May 14, 2005

Should we compromise on 'civil religion'?

Digby thinks compromise on 'trivial' issues of 'civil religion', like Ten Commandments displays, is not okay.

So, on what will we hang our hat on once we've decided that religion --- or more specifically the 'judeo-christian umbrella' --- is sanctioned by the state in regards to prayer in schools, the 10 commandments on public buildings and public displays of religion on community ground. These things are all trivial in themselves (although for some people, putting little kids in the position of having to pray or abstain is unconcionable.) But regardless of whether each little instance of religious tradition in the public square is in itself pernicious, taken together, if sanctified by the courts, it erodes one of the basic tenets of our system, which is the prohibition against the establishment of state religion. And that adds up to a greenlight to teach creationism or promote any other Christian dogma --- with my tax dollars.
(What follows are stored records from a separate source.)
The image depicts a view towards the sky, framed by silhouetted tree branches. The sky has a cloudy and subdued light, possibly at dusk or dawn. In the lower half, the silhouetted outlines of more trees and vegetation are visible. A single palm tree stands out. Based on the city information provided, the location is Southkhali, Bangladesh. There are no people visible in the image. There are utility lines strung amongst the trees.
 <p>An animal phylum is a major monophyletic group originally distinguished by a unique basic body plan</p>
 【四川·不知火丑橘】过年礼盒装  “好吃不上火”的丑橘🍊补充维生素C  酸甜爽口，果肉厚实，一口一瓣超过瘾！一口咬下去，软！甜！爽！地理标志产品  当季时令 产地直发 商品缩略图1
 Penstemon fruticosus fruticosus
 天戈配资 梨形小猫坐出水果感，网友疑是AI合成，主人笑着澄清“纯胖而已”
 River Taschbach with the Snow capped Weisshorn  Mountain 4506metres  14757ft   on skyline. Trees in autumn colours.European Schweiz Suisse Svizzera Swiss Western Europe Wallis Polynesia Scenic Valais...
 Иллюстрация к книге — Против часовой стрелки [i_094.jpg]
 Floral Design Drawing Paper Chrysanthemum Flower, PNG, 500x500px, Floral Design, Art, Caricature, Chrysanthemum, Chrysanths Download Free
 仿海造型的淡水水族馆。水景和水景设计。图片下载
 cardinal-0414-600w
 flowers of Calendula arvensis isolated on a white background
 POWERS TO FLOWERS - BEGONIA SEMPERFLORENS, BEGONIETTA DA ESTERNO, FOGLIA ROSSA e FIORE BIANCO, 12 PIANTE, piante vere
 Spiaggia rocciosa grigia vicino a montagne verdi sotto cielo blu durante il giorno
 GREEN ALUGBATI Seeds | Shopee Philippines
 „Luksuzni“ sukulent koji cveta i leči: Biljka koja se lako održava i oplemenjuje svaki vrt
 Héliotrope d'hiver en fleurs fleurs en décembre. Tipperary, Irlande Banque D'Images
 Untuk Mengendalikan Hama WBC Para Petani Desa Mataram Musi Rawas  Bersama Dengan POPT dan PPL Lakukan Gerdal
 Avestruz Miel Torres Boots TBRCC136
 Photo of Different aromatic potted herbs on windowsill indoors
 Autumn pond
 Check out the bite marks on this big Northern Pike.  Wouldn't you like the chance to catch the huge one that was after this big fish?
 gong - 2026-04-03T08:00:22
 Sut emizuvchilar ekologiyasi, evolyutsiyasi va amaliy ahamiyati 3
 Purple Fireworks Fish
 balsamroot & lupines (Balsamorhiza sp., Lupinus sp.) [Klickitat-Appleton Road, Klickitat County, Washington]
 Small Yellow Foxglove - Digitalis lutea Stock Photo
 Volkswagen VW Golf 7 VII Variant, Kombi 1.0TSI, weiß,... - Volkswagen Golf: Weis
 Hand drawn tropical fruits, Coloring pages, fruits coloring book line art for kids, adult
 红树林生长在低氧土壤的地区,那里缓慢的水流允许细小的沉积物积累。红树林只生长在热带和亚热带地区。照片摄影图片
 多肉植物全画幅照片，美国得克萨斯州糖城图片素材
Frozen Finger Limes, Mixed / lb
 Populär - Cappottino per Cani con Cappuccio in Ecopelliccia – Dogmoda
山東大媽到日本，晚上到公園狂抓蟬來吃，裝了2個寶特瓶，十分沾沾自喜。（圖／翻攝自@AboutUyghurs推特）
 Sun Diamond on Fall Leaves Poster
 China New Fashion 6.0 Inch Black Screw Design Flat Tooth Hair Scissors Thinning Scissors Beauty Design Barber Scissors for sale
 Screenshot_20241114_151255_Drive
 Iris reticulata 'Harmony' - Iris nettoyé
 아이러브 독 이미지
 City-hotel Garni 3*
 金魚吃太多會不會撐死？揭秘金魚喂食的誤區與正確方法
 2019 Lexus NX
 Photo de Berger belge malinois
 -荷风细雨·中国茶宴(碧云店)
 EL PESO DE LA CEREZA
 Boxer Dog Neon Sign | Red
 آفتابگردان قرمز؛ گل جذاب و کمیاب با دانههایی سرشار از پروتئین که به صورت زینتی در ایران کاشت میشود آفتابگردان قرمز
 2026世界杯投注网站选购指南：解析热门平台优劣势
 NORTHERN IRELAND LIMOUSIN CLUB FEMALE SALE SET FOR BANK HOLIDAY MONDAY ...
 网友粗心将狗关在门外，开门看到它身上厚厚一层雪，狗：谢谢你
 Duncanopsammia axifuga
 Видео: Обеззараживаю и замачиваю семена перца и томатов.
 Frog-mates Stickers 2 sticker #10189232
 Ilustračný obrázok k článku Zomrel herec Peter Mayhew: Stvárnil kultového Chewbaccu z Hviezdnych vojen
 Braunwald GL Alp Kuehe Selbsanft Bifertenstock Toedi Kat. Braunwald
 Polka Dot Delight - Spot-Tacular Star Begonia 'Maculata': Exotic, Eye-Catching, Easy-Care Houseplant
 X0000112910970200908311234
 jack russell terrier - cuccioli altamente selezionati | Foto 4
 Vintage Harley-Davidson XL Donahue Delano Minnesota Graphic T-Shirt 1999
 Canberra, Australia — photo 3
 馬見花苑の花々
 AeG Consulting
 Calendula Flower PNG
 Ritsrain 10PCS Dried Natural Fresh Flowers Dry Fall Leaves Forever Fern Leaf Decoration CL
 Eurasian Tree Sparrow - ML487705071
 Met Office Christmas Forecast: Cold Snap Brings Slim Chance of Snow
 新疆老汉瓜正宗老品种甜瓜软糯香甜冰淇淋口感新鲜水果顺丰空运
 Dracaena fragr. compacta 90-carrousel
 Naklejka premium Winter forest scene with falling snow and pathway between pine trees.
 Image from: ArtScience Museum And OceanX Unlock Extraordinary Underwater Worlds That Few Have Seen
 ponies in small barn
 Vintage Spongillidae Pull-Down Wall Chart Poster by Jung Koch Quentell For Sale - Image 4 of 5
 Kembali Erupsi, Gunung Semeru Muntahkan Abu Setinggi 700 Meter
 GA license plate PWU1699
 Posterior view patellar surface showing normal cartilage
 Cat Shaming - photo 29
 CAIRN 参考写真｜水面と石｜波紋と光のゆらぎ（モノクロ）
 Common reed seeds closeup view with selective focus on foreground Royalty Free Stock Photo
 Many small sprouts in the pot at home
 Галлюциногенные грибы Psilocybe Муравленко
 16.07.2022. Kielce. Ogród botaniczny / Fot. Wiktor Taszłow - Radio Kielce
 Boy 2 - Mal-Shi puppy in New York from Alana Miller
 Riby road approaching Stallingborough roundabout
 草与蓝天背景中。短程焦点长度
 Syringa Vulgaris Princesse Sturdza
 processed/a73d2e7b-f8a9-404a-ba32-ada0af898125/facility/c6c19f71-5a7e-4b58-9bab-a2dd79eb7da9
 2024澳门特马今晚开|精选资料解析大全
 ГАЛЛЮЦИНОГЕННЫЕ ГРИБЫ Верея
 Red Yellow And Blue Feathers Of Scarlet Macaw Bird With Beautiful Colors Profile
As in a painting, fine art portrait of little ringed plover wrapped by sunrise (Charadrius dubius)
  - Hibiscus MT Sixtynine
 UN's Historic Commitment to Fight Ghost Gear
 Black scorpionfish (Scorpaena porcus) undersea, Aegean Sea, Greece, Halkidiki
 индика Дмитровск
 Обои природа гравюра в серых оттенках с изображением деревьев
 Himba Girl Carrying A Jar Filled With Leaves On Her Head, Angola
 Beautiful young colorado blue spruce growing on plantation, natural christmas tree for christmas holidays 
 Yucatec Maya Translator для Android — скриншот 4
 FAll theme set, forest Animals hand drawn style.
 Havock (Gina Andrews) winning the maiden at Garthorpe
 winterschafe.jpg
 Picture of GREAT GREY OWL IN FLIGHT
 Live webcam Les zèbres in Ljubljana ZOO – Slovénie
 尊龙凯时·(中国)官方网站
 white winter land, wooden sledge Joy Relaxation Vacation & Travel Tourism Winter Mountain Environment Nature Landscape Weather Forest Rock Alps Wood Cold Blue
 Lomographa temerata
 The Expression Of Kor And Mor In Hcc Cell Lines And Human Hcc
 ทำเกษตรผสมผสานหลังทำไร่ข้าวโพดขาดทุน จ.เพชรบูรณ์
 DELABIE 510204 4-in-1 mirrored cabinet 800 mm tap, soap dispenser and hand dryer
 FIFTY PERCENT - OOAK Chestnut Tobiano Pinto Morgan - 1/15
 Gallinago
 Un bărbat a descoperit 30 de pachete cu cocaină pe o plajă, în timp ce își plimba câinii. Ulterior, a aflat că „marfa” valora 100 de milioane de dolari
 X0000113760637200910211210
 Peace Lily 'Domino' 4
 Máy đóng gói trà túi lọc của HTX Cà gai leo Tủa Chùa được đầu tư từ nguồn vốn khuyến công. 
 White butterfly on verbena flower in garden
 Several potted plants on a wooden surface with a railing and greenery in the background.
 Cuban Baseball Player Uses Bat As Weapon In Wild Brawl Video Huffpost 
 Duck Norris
Are these sorts of things really trivial, though? Official recognition of one religious tradition, even one as broad and common as Western monotheism, as 'the' civil religious tradition still excludes other traditions, and reduces their members to a second-class status, permitted residents of a monotheist society rather than citizens with full equality in the eyes of the law. The rights of social minorities are then no longer guaranteed by the foundational principles of the state, but by the pleasure of the majority to permit the minority to continue to exist. Recognizing the Ten Commandments as the foundation of our legal system, even just ceremonially, serves to undermine the notion that a Buddhist automatically has the same legal rights as a Christian. Which is, of course, precisely the opposite of the intention of the Establishment Clause, and the goal of the wingnuts: theocracy.

2 comments:

Drew said...

Soz, you and Digby are absolutely right about this. Getting "under God" out of the Pledge of Allegiance is not important, and taking "In God We Trust" off of currency is not important, but we've got to at least hold the line.

MosBen said...

I don't think those issues are important in the way keeping religious documents from being posted in government buildings is, and I'd never think to divert efforts on the latter front to those of the former, but I do think that they are "important" inasmuch as they represent a cognitive disonance and hypocrisy in our system.